Ironically, this highlights one of the main issues we discuss in the post!
The Twilio Engineering blog is hosted off an external Wordpress site with a single IP that's forwarded from ngnix load balancer pool. Since the load balancers assume that the external service can fail, they won't tied resources blocking access to other parts of the site.
Evan, I just noticed that your service seems to be running on Slicehost, not the AWS colo in Virginia. Is that correct? I got the opposite impression from your post, which seems to imply that Twilio is hosted on AWS, yet managed to weather the storm because of your design decisions.
Ah, I see it now. I just got a POST from one of your servers in the AWS US-West region. Is Twilio also hosted in US-East (the region affected by today's outage), and, if so, would Twilio have stayed up if it hadn't been spread across multiple regions?
dmor, really?
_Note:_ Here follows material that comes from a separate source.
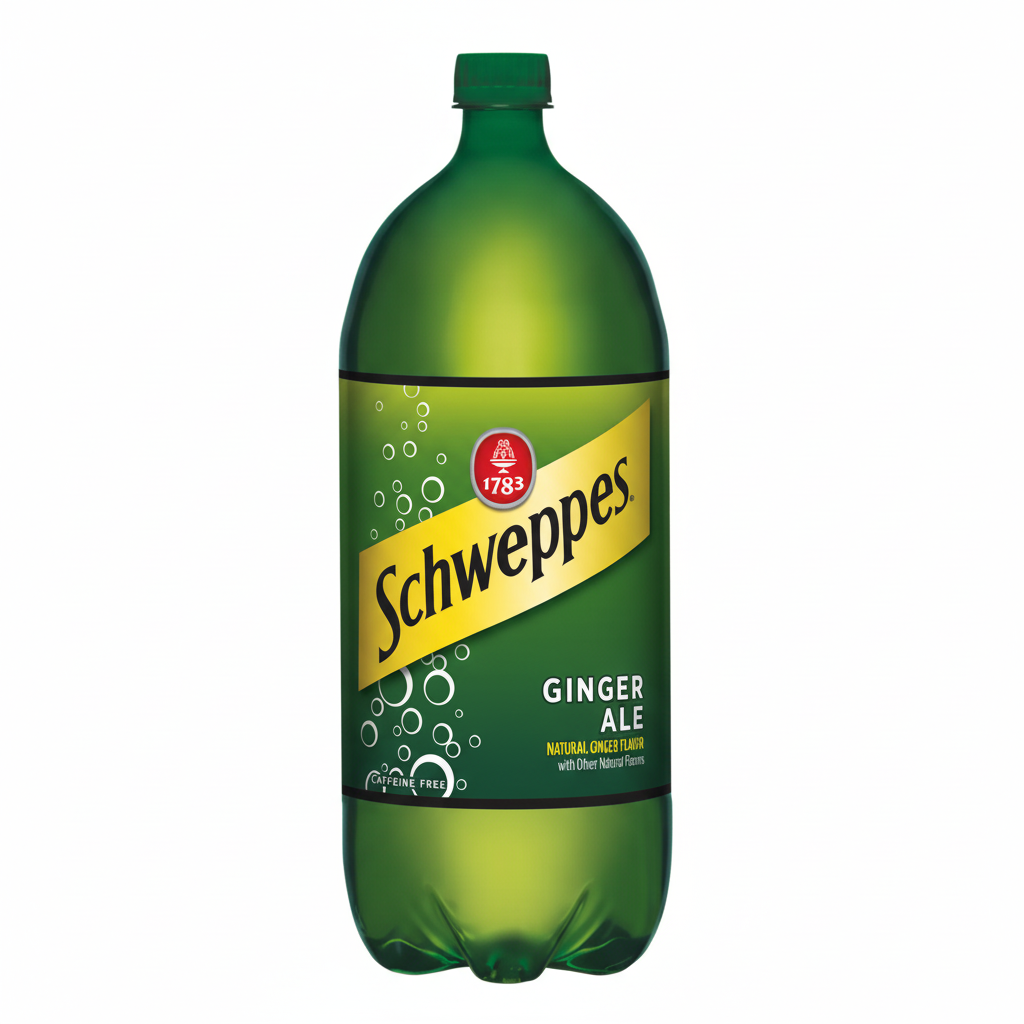 Schweppes 2l*8pk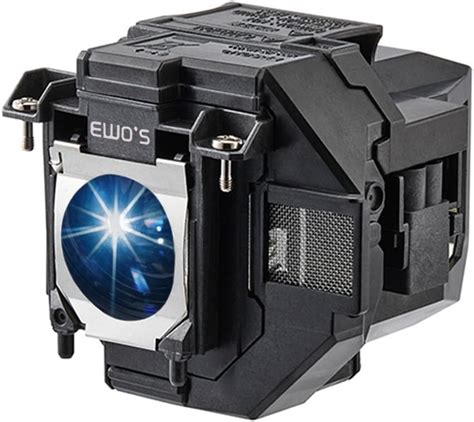 Amazon EWO S Replacement Projector Lamp For ELPLP96 Epson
It looks like the blog points to AWS, as does your API?
jdyer@aleph:~ [git:master] <ruby-1.9.2>
» host api.twilio.com
api.twilio.com is an alias for public-vip374d1ca4e.prod.twilio.com.
public-vip374d1ca4e.prod.twilio.com is an alias for ec2-174-129-254-101.compute-1.amazonaws.com.
ec2-174-129-254-101.compute-1.amazonaws.com has address 174.129.254.101
----
jdyer@aleph:~ [git:master] <ruby-1.9.2>
» host www.twilio.com
www.twilio.com is an alias for public-vip29c4ab3d.prod.twilio.com.
public-vip29c4ab3d.prod.twilio.com is an alias for ec2-174-129-253-75.compute-1.amazonaws.com.
ec2-174-129-253-75.compute-1.amazonaws.com has address 174.129.253.75
DNS lookups don't tell you anything here. The way a reverse proxy works is that HTTP requests to certain URLs get turned into an HTTP client request by the web server to the 3rd party provider (for caching, URL changing, compressing, terminating SSL, and get around firewalls). You can learn about them here: http://en.wikipedia.org/wiki/Reverse_proxy
True, and I had actually misread dmors' post entirely here; I read the post as stating Twilio's blog was not reliant on AWS in anyway, which would have been a misrepresentation in my mind. However in hindsight this was not the case, and I will certainly admit when I am wrong.
We just enabled caching on the ngnix proxy to the external site hosting our Wordpress install for the engineering blog. Hopefully that should help performance.
This post would be better if they gave more concrete examples of their infrastructure. I read the whole post and still don't know how they survived except some knowledge about distributed system design.
They had some good general points though, like fast retries. Which brings me to one of the worst examples of a Human Factors mistakes I can think of right now...
The new rent-a-bike scheme in London has POS terminals connected to the central system via bits of string and/or cellular modems. Every now and again these links fall over or the central system becomes unresponsive.
If you are attempting to get a bike (with an active card subscription) you drop your card into the terminal and it prints you a release code that lets you take a bike.
Unless the system is down... in which case it still reads your card, and then sits there and shows you a spinner for 5 minutes.
You can't walk away during this time, because if you do and the link comes back up it'll print a release code which anyone can use to take a £300+ bike on your account.
If you do stick around and try again? That'll be another 5 minutes which you could have spent walking to the next bike dispensary.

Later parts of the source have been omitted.